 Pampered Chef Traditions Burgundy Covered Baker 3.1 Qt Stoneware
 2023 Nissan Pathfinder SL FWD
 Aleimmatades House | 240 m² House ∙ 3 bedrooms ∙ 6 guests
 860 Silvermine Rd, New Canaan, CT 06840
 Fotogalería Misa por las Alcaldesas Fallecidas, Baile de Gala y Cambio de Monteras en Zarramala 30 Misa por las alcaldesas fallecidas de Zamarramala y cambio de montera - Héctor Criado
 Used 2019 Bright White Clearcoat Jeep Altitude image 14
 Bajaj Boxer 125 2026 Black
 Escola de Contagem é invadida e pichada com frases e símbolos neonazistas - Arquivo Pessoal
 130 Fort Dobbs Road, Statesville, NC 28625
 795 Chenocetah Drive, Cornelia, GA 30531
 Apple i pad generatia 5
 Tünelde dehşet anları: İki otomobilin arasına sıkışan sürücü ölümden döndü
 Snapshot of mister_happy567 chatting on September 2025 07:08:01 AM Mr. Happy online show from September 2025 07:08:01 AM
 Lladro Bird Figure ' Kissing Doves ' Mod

• **ASSIGNMENT**: Your task is to transcribe the material, which must come out exactly as written.

• **EXERCISE RESULT**:
 Pampered Chef Traditions Burgundy Covered Baker 3.1 Qt Stoneware
 2023 Nissan Pathfinder SL FWD
 Aleimmatades House | 240 m² House ∙ 3 bedrooms ∙ 6 guests
 860 Silvermine Rd, New Canaan, CT 06840
 Fotogalería Misa por las Alcaldesas Fallecidas, Baile de Gala y Cambio de Monteras en Zarramala 30 Misa por las alcaldesas fallecidas de Zamarramala y cambio de montera - Héctor Criado
 Used 2019 Bright White Clearcoat Jeep Altitude image 14
 Bajaj Boxer 125 2026 Black
 Escola de Contagem é invadida e pichada com frases e símbolos neonazistas - Arquivo Pessoal
 130 Fort Dobbs Road, Statesville, NC 28625
 795 Chenocetah Drive, Cornelia, GA 30531
 Apple i pad generatia 5
 Tünelde dehşet anları: İki otomobilin arasına sıkışan sürücü ölümden döndü
 Snapshot of mister_happy567 chatting on September 2025 07:08:01 AM Mr. Happy online show from September 2025 07:08:01 AM
 Lladro Bird Figure ' Kissing Doves ' Mod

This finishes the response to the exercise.